A minha inspiração vem desses lugares da internet, que é essa loucura de imagens amadoras, de imagens de toda espécie, e também dos objetos cotidianos, que são estéticos, mas não estão exatamente mediados pelo campo da arte. E o que tem em comum nessas duas imagens talvez seja um pouco desse aspecto do amador, tentando não ser pejorativo. Não são imagens pensadas com uma função definida, mas são feitas por algum gesto de cuidado, gosto ou desejo decorativo. Tem algo também que me interessa, pensando nessa questão do artesanato, que é a capacidade de codificação e reprodução de padrões e imagens. Elas costumam ter uma receita que vai passando de geração em geração, de manual em manual, e acabamos também perdendo o lastro de quem produziu esse ponto, gráfico, padrão, conjunto de pontos etc. Um outro ponto interessante de contato e aproximação entre o artesanato e a imagem digital é que mesmo os trabalhos manuais vêm se industrializando ou tendo sua imagem apropriada por processos maquínicos. Podemos observar em produtos de cama, mesa e banho produzidos em larga escala a permanência de alguns padrões visuais que eram comuns quando as peças eram manufaturadas. O padrão floral outrora bordado em ponto-cruz pode ser encontrado estampado em uma colcha ou lençol. Então, esse trânsito de imagens por diferentes mídias, mais eletrônicas ou mais artesanais, me inspira.

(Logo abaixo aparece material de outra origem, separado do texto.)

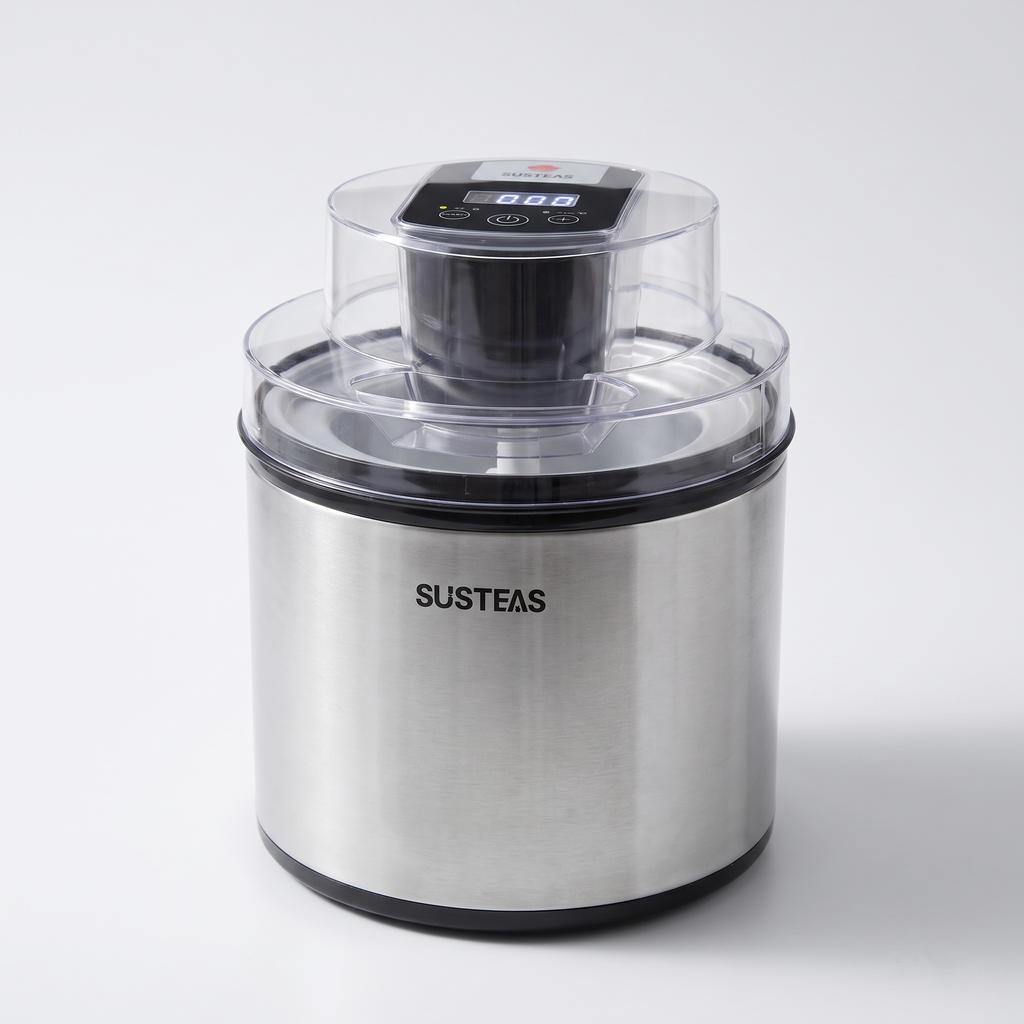 Traditional LED Stainless Steel Ice Cream Maker product shot on white background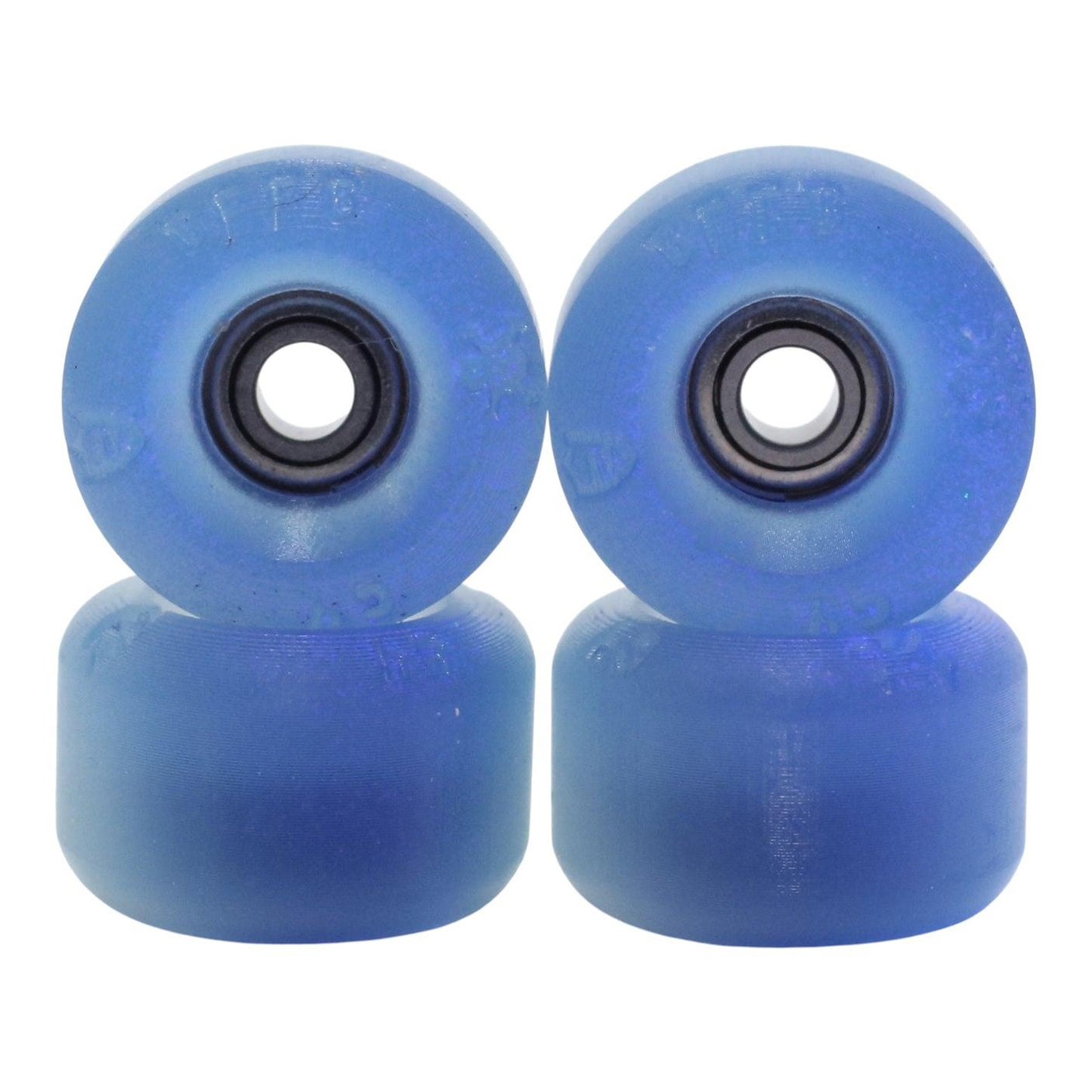 Blistered x Flatface x Blackriver G4-BR Fingerboard Wheels - Clear Sunshift into Blue Subtle Glow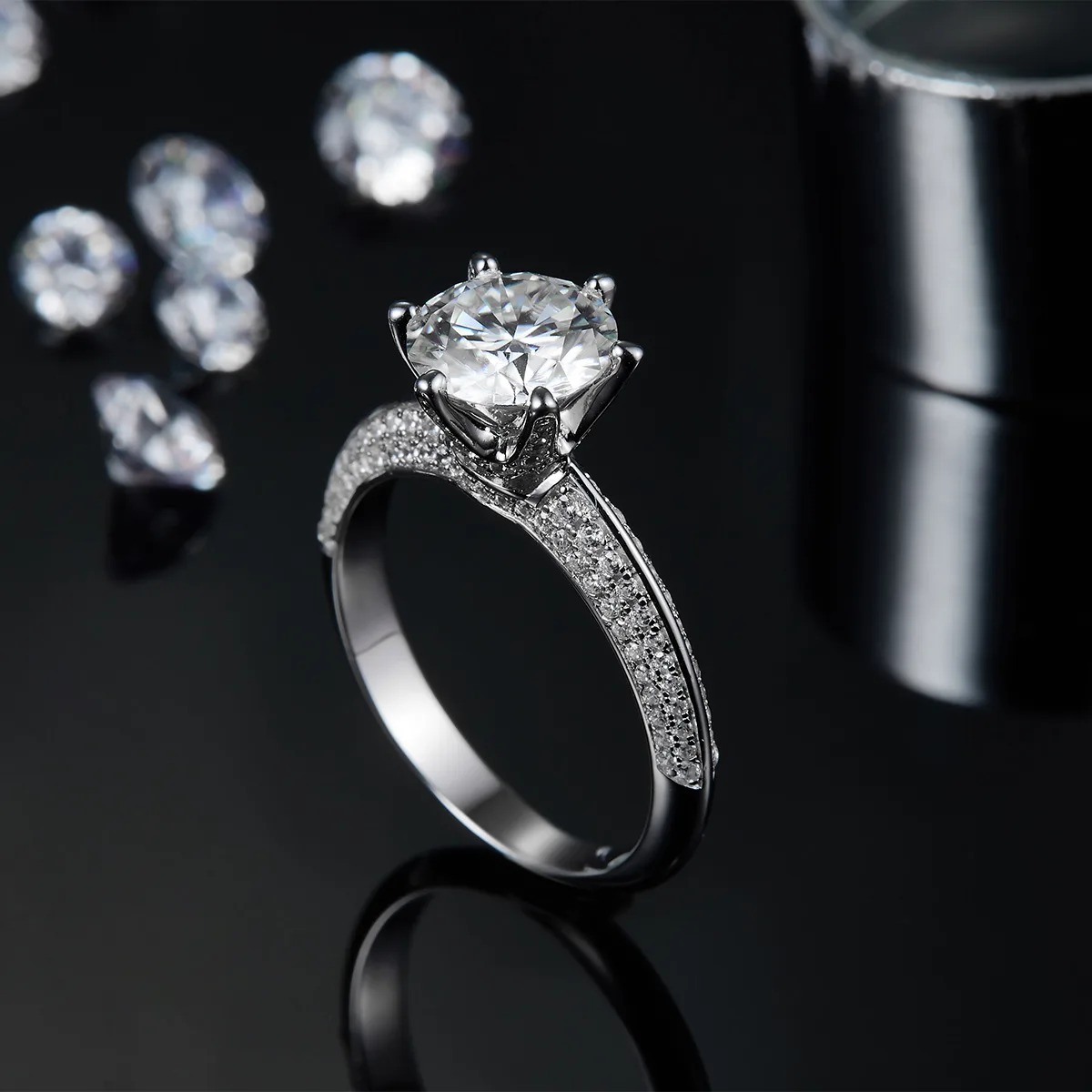 Half-Band S925 White-Gold-Plated Silver Lab-Grown Diamond Proposal Ring Women's Ring 2.0ct D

Recentemente, você fez um projeto de ilustrações para um livro infantil. Como foi adaptar a sua inspiração e o seu processo criativo para um briefing superespecífico: um livro infantil, que é aberto, mas ao mesmo tempo imagino que tenha suas restrições, um pensar diferente.
Foi um processo totalmente diferente. Recentemente eu trabalhei nesse projeto que se chama O aquário de Pedro, uma história criada pelo escritor Diego Mauro. Foi um encontro espontâneo, mediado por um amigo que sabia que o Diego tinha uma história e estava em busca de alguém que pudesse ilustrar. Então falei: “bom, eu não tenho uma história, mas tenho muita vontade de ilustrar” (risos). E deu certo. Em alguma medida, eu me permiti revisitar esse gosto por livros infantis. Tentei fazer um livro que eu gostaria de ter visto. Inclusive, eu optei por fazê-lo todo a lápis de cor, que é um material bastante difundido na infância e a que temos um acesso maior, com o qual temos familiaridade. Assim, espero alcançar esse encantamento nas crianças, que poderão perceber que “ó, meu Deus! Isso aqui foi feito por alguém, e eu posso fazer algo parecido com o lápis de cor”. Sinto também que pude usar algumas das habilidades adquiridas na formação em cinema. O livro tem uma narrativa que é muito cinematográfica no pensamento das imagens e na edição da história.
E quais são os principais desafios que você já vivenciou na sua carreira como artista?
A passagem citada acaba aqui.